# [Work to complete]
Leaving out the pictures, retype the lines from the top of the listing through the line with "hsbmx1's tweet photo." exactly.

# [Data below]
....................

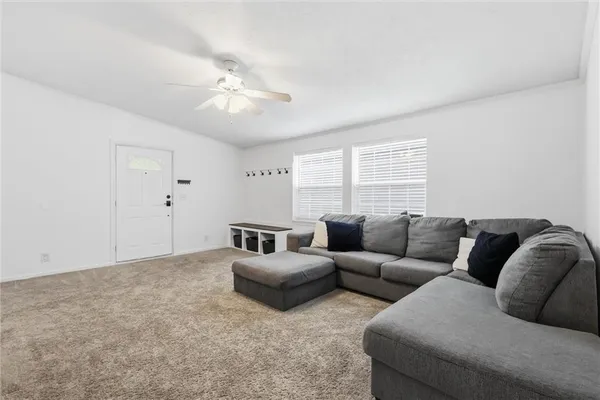 $199,999 | 7901 Northwest 122nd Court, Kansas City, MO 64163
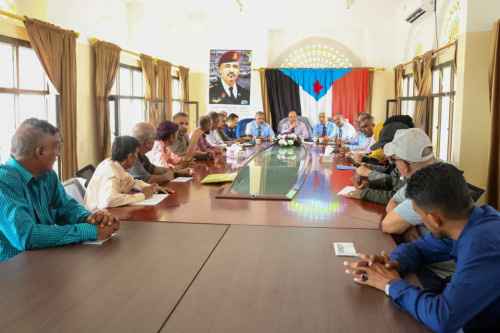 فريق الحوار الوطني الجنوبي يلتقي قيادة السلطة المحلية واللجان المجتمعية في مديرية صيرة&nbsp;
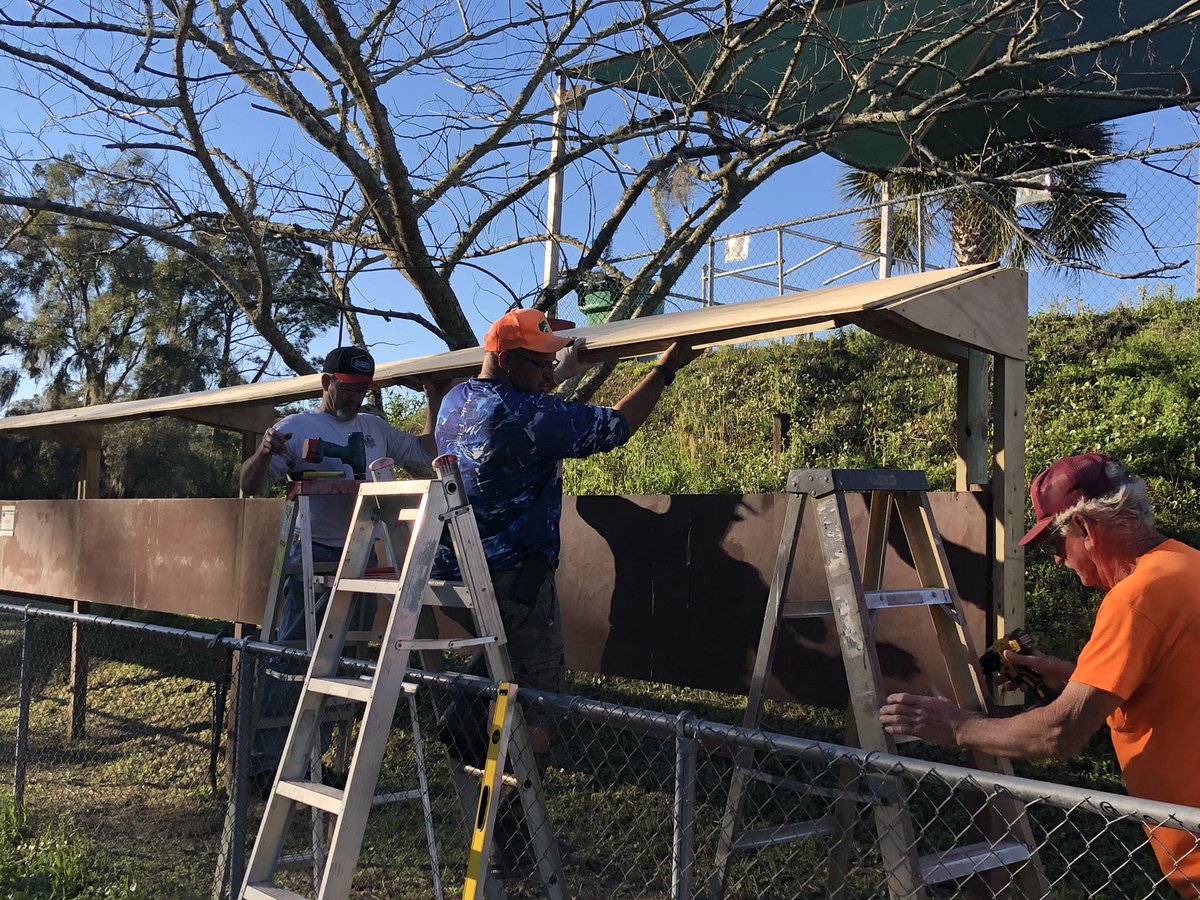 hsbmx1's tweet photo. Big thank you to some of our volunteers who came out to the track to catch up on some maintenance.  Jimmy Pinner, Dwight Pinner and John Pringle replaced the moto boards.  John Turner fence railings &amp; helped Kim Turner and Laura Pringle clean out and reorganize the barn. https://t.co/ABa5bVUnyX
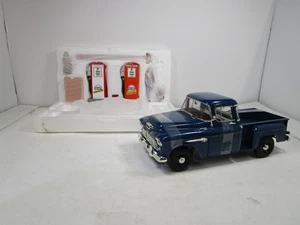 ERTL 1/18 *ASCAR'S GAS STATION* BLUE 1955 CHEVY 3100 STEPSIDE *READ* - Picture 1 of 10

....................

# [Expected answer]
 $199,999 | 7901 Northwest 122nd Court, Kansas City, MO 64163
 فريق الحوار الوطني الجنوبي يلتقي قيادة السلطة المحلية واللجان المجتمعية في مديرية صيرة&nbsp;
 hsbmx1's tweet photo. Big thank you to some of our volunteers who came out to the track to catch up on some maintenance.  Jimmy Pinner, Dwight Pinner and John Pringle replaced the moto boards.  John Turner fence railings &amp; helped Kim Turner and Laura Pringle clean out and reorganize the barn. https://t.co/ABa5bVUnyX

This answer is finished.